In his address Ramaphosa said that South Africa was looking to Canada as an important source of investment; partnership; and collaboration in the mining sector because the two countries are major global mining nations.
"Our aim is to unlock the economic potential of our country, which has been constrained for decades by policies of racial exclusion. For generations, black South Africans were denied opportunities to own assets, establish businesses, acquire skills and enter professions," Ramaphosa said.
"Nowhere was this more apparent than in the patterns of ownership and usage of land. The extreme concentration of ownership of land is one of the great impediments to the full realisation of our country’s potential. We have taken a decision to accelerate land reform, including land redistribution and ensuring security of tenure for the rural poor," he said.
"This needs to be done through a range of measures, which will include, in appropriate circumstances, the expropriation of land without compensation. We are determined that this should be achieved in a manner that is consistent with our Constitution, enhances agricultural production and food security and promotes economic development," he said.

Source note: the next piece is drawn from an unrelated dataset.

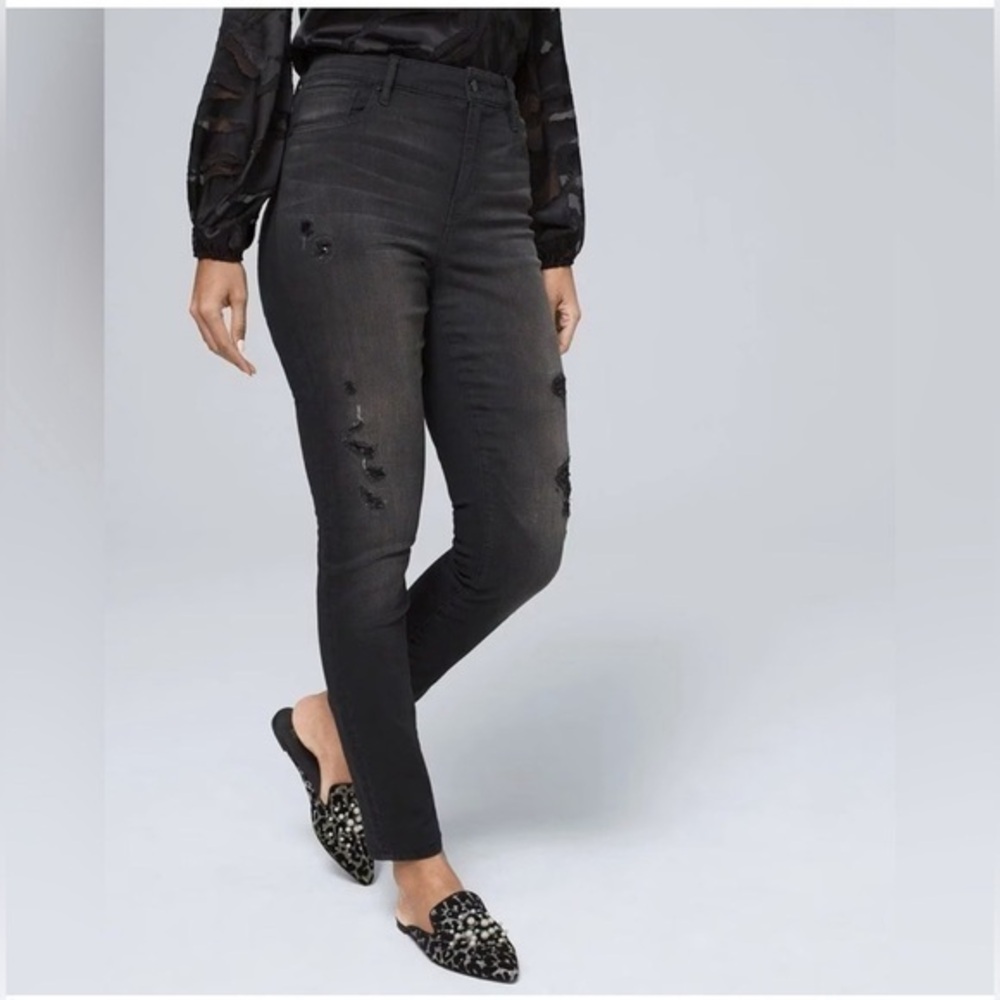 White House Black Market High-Rise Sequin Destructed Skinny Jeans Size 8 NWT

Ramaphosa said that South Africa was certain that the land reform programme would enhance the country’s economic capacity and improve its attractiveness as an investment destination.

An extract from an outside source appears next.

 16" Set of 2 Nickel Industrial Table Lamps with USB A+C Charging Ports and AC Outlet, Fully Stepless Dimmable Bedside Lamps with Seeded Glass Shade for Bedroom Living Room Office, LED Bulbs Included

"As it stands, our investment law provides significant guarantees to both domestic and international investors. South Africa has a number of attractive sectors such as mining, oil and gas, shipbuilding, agro-processing, advanced materials, innovation and clean tech, tourism and financial services, among others."
Ramaphosa said that the latest economic growth figures for the first quarter of 2018 show that the mining, agriculture and manufacturing sectors remain under pressure. Adding that the figures showed that service industries were resilient. He said they demonstrated that greater and more sustained growth required decisive measures to address the key structural challenges in our economy.

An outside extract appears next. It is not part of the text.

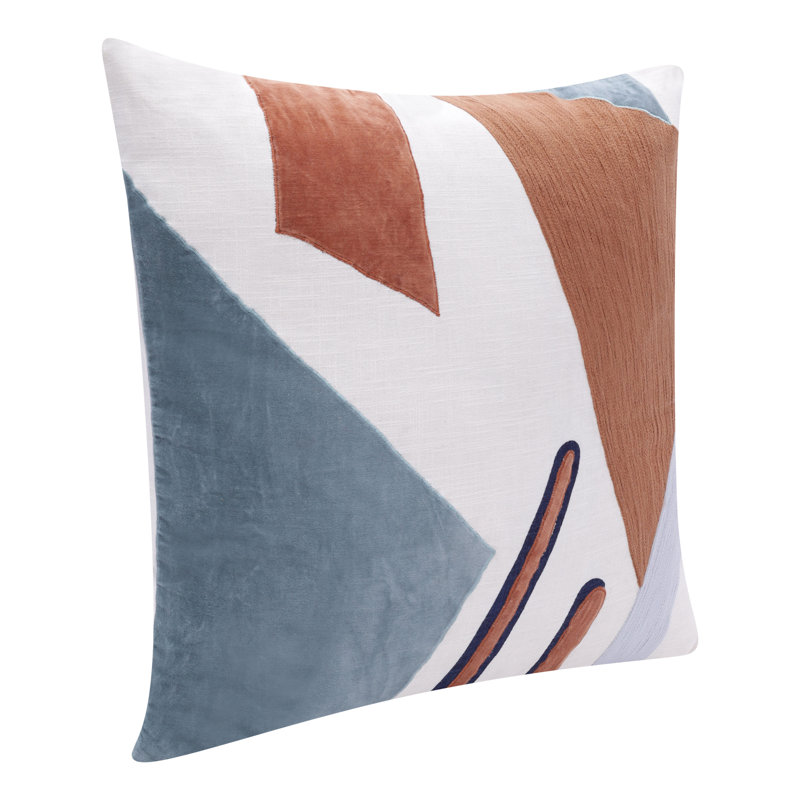 Yellow and Multicolor Cotton Embroidered Square Throw Pillow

"We are therefore investing significantly in our education and skills development programmes, using our competition policies to create opportunities for market entrants, reducing the cost of business and developing our economic infrastructure," he said.
"Government is working with urgency to guide the economy towards a more sustainable growth trajectory and to restore South Africa to investment grade status. Government, private sector, labour and civil society are working together on a social compact to create jobs, particularly for young South Africans. We are working to significantly increase the levels of fixed investment in the economy."
He said South Africa has embarked a new path of renewal and growth. Adding that the country was hard at work to remove the constraints that have held it back and to create new opportunities for growth.
"South Africa is open for business. We anticipate a new wave of investment in our economy and in our region over the next few years. We encourage Canadian companies to join that wave and to reap the rewards of investing in a country and a continent on the rise."
The Presidency said Ramaphosa would participate in the two-day session by the summit host, Canadian Prime Minister Justin Trudeau.
"President Ramaphosa’s participation in the G7 Leaders’ Summit Outreach coincides with his drive to attract investment to grow the economy, create jobs and address poverty and inequality in South Africa," his office said.
"President Ramaphosa will commence his visit by engaging with investors and business people in Toronto. The President is accompanied by Environmental Affairs Minister Edna Molewa and a business delegation from South Africa."
On Saturday, Ramaphosa is expected to participate in a working session at Le Manoir Richelieu in La Malbaie in the Charlevoix region followed by a working lunch. The G7 consists of Canada, the United States, Japan, the United Kingdom, Germany, France and Italy. Other states whose leaders have been invited to participate in the Leaders’ Summit Outreach include Kenya, Senegal, Rwanda, Seychelles, Haiti, Bangladesh, Vietnam, Samoa, Argentina, Norway and Jamaica.